Short descriptive text snippets

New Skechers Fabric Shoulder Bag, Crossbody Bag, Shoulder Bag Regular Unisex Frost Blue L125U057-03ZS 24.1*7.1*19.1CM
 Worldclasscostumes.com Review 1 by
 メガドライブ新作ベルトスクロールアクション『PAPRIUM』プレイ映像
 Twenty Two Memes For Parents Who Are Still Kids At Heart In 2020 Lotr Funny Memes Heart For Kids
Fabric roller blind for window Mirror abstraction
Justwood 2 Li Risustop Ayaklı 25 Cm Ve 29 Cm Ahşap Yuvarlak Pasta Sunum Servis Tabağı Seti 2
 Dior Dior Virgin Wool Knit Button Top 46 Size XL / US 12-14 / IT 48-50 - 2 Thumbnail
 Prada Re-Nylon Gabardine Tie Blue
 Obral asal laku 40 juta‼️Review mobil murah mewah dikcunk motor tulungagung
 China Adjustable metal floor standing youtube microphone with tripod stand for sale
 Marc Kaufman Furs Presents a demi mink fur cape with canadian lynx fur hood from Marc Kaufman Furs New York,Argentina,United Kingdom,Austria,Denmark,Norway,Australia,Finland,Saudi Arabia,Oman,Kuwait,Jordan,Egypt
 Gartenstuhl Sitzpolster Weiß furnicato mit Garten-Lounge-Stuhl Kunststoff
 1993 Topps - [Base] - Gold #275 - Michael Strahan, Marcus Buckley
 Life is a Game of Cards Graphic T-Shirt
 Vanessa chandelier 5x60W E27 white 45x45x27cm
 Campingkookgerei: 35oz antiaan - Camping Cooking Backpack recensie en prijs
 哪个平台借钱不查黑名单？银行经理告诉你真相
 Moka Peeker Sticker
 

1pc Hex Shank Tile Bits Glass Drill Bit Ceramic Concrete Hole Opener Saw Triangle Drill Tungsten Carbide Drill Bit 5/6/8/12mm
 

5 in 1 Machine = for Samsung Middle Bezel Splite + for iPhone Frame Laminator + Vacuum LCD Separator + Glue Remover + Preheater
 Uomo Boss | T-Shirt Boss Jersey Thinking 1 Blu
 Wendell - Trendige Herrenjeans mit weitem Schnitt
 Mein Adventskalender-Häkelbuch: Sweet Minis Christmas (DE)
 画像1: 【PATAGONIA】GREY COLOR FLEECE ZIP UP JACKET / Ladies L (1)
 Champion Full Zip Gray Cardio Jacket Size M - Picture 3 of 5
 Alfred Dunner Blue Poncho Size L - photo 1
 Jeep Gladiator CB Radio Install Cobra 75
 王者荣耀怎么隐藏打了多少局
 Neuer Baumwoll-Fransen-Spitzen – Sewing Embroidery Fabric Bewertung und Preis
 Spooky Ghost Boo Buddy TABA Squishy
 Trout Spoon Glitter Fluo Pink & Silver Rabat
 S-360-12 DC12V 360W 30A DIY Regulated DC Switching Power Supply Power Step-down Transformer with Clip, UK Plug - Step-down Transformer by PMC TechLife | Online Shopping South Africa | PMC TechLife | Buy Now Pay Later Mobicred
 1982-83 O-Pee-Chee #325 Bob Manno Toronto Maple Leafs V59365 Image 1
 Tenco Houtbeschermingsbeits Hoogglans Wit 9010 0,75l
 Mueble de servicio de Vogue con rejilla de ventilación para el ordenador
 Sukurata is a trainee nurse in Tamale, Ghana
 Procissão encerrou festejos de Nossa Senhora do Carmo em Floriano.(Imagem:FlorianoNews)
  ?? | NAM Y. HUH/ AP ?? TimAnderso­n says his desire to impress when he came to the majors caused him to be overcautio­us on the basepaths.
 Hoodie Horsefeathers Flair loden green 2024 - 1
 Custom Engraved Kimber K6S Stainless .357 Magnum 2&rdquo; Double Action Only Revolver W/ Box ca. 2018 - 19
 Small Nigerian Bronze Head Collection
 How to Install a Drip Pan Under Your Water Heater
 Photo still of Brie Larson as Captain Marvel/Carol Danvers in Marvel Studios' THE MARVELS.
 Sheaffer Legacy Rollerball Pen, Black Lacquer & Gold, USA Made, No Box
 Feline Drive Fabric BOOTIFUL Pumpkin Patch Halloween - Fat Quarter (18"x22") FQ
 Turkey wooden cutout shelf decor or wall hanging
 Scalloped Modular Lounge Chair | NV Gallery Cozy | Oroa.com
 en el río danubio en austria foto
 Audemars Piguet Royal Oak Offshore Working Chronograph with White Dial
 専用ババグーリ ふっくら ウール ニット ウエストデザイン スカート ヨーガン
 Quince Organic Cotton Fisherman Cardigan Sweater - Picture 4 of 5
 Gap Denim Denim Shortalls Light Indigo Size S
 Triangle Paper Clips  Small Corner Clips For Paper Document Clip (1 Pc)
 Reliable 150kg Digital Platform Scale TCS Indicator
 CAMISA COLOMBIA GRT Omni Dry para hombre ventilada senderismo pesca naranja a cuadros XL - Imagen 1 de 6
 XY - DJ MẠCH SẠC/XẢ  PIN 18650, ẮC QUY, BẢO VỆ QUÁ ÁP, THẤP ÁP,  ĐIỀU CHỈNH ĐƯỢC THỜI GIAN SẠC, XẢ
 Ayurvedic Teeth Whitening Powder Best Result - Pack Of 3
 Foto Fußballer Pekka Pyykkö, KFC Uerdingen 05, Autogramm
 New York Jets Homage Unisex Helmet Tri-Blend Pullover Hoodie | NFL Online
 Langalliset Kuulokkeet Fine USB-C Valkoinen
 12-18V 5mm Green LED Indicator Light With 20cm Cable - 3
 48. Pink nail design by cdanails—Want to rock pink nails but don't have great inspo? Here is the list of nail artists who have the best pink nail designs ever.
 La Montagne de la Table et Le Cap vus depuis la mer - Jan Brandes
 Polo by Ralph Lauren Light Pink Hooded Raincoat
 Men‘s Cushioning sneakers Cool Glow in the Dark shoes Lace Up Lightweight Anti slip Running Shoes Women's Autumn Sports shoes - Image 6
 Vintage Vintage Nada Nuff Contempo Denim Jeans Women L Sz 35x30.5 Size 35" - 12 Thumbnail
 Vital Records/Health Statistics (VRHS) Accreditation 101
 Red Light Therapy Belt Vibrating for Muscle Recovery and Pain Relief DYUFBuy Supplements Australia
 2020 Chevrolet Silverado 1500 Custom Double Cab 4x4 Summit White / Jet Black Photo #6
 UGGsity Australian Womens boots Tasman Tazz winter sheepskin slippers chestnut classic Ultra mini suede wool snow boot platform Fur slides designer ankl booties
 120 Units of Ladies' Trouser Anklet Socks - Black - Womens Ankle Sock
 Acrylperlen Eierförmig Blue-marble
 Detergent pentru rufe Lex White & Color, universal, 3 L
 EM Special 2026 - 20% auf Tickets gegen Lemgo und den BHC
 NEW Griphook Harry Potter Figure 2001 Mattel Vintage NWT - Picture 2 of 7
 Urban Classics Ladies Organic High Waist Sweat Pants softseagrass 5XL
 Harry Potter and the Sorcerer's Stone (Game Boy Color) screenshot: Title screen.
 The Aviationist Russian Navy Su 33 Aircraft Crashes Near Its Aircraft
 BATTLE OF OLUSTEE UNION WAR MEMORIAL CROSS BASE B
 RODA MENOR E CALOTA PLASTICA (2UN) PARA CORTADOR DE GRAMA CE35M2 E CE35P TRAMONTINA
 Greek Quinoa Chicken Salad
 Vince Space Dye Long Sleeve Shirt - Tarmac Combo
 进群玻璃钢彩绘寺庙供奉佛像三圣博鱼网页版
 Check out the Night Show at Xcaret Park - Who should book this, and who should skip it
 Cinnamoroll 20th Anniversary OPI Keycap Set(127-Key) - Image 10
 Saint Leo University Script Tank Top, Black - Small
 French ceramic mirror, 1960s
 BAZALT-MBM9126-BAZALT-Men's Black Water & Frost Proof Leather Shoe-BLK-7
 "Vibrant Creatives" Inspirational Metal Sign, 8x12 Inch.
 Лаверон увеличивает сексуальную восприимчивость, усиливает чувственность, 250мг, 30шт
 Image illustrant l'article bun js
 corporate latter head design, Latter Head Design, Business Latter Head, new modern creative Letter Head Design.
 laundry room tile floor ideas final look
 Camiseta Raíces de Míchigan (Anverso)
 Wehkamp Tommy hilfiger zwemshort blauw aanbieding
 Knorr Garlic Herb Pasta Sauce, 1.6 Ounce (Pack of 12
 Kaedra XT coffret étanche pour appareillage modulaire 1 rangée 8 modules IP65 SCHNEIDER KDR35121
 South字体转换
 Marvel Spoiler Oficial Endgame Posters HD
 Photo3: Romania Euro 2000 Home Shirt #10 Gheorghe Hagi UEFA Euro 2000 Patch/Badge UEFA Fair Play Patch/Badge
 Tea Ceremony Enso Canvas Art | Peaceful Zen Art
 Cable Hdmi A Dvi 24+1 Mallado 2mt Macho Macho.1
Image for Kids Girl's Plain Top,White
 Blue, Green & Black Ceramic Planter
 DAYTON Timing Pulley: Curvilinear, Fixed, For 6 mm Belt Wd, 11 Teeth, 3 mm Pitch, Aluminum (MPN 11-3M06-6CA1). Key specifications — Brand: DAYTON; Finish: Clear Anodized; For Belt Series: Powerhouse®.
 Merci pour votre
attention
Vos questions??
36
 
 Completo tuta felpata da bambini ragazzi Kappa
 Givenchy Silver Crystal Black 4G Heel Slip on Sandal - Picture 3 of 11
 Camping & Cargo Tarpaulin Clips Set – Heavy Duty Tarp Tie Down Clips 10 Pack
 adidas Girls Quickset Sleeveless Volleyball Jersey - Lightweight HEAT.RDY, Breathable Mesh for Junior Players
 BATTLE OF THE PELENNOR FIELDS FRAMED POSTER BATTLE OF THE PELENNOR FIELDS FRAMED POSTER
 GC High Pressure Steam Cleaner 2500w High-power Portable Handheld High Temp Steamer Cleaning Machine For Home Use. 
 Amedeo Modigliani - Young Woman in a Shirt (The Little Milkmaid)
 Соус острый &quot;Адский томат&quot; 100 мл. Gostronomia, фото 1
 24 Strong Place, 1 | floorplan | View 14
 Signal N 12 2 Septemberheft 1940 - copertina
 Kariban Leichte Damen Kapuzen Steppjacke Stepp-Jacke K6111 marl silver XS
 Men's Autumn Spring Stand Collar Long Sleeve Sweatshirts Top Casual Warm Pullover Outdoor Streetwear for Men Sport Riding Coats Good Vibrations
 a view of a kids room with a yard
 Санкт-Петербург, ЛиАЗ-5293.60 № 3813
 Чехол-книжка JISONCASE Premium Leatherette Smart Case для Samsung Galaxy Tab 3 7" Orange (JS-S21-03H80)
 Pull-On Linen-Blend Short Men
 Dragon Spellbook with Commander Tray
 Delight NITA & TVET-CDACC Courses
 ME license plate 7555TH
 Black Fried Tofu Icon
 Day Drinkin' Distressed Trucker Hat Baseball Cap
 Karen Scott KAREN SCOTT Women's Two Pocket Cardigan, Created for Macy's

- _DESCRIPTION OF THE TASK_
Go through the entries above and copy each line with "Lightweight" in it.

- _ANSWER_
 Men‘s Cushioning sneakers Cool Glow in the Dark shoes Lace Up Lightweight Anti slip Running Shoes Women's Autumn Sports shoes - Image 6
 adidas Girls Quickset Sleeveless Volleyball Jersey - Lightweight HEAT.RDY, Breathable Mesh for Junior Players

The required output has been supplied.